High-risk medulloblastoma is a devastating childhood brain cancer that results in death in nearly 50% of patients. To improve future treatments for this disease, Dr. Prensner is studying a category of newly-discovered "dark proteins", which have been excluded from prior work due to their small size and unconventional locations in the human genome. He has found that a group of these dark proteins are critical for medulloblastoma cells to survive. This research will reveal how these dark proteins may point toward new approaches to treat medulloblastoma, which may be critical to define the next generation of anti-cancer therapies in this disease. This grant was awarded at Dana Farber Cancer Institute and transferred to the University of Michigan.

Dr. Sykes is developing new therapies for childhood leukemia and lymphoma. Specifically, he is looking at a type of leukemia that develops from abnormal T-cells and is named acute lymphoblastic leukemia (T-ALL). T ALL is a particularly deadly disease if it does not respond to therapy (refractory) or if it responds initially and then comes back (relapsed). When a normal T cell becomes a leukemia cell, it develops certain advantages and certain disadvantages. Therefore, one way to kill a leukemia cell is to identify these disadvantages and to exploit those using specific drugs. This research focuses on how leukemia cells make DNA and RNA building blocks called nucleotides. An enzyme called DHODH is essential to the process of making nucleotides within the leukemia cell. Drugs that inhibit this enzyme rapidly kill the leukemia cells and spare the life of normal cells. Researchers call this approach 'nucleotide starvation' because it starves the leukemia cells of these DNA and RNA building blocks. Normal cells have back-up systems to deal with periods of nucleotide starvation. Dr. Sykes believes that leukemia cells have lost these back-up systems and that is why they are so sensitive to starvation. So far his research has shown that this nucleotide starvation approach works extremely well in leukemia cells outside of the body and in leukemia cells in laboratory mouse leukemia models. The fact that many DHODH inhibitor drugs are already available and have already been tested in humans suggests that clinical trials are feasible and could begin in a timely manner. Dr. Sykes hopes that DHODH inhibitor therapy will be effective treatment for children with T ALL, especially those children who have run out of other good treatment options.
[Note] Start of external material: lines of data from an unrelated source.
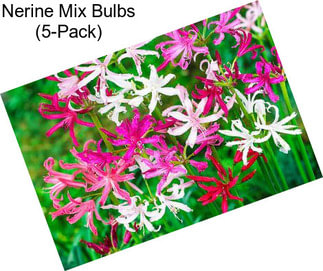 Nerine Mix Bulbs (5-Pack)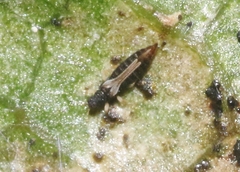 Heliothrips haemorrhoidalis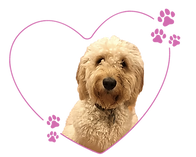 rosey-heart.png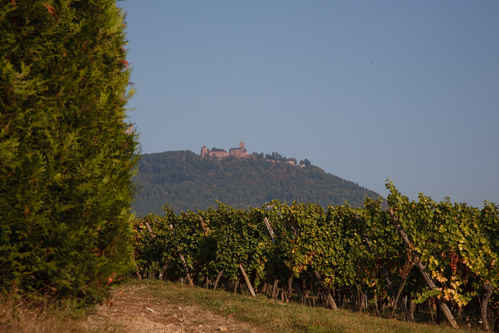 Château du Haut-Kœnigsbourg
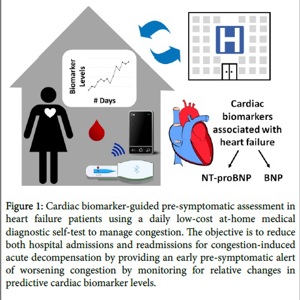 Будущие стратегии профилактики декомпенсации застойной сердечной недостаточности с использованием самотестирования пациентов на основе лабораторных биомаркеров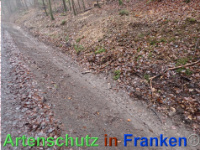 Bild zum Eintrag (1039941-177)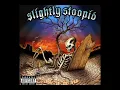 This Joint - Slightly Stoopid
Based on progress to date, Dr. Ou was awarded a new grant in 2022 and 2023 to fund an additional year of this Scholar grant. Due to the tumor and treatment damaging the developing brain, 60-80% of pediatric brain tumor survivors experience long-term neurocognitive impairment. There are two possible paths to improve outcomes: intervene the adverse brain development after treatment, or further optimize radiotherapy dose distribution in the brain before treatment. For the former, the question is to find at-risk patients to intervene after treatment. For the latter, the question is to find target brain regions, where changing radiation doses can potentially change outcomes. Both questions have been studied on the population-level, not on the individual level. This project aims to push our knowledge in these two fronts to the individual level. Dr. Ou is using data from 3 just finished clinical trials to find target patients and find target brain regions for radiation dose optimization. Compared to studies that consider one risk factor a time, Dr. Ou will consider a comprehensive set of risk factors to improve precision to the individual level. The results will allow him to design future larger-scale, multi-site retrospective replicative and eventually prospective clinical trials, to improve neurocognitive outcomes in this vulnerable population before and after treatment.
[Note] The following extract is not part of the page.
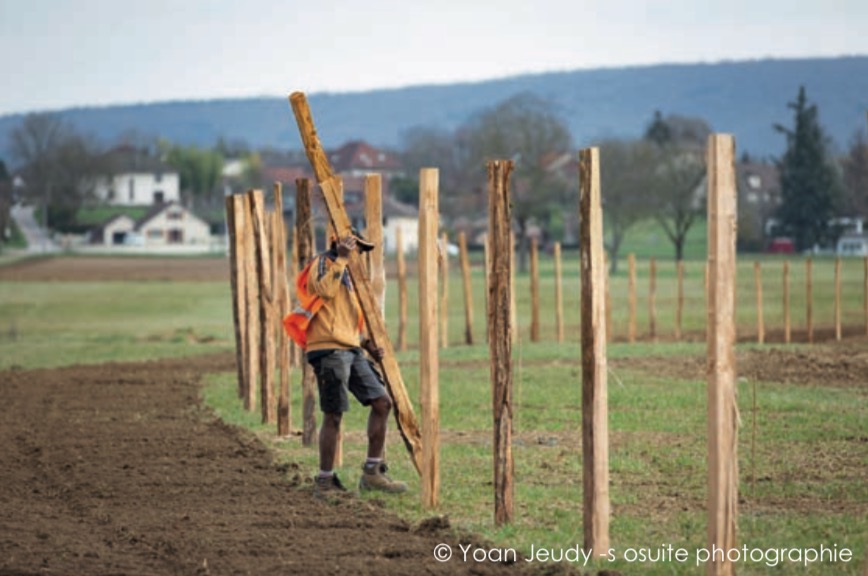  © Yoan Jeudy Sosuite Photographie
This grant is generously supported by the Grace for Good Fund, established in honor of Grace Carey and celebrates her survivorship from medulloblastoma. Her cancer journey began in 2007 when she was diagnosed at age 5 with a treatment regime that entailed surgery, proton beam therapy and chemotherapy. While Grace handled it all with minor setbacks, she now faces the physical, emotional and cognitive challenges wrought by the very medications and procedures that saved her life. This fund was inspired by Grace’s desire to help other kids with cancer and supports research of brain tumors and the multitude of challenges facing survivors post treatment.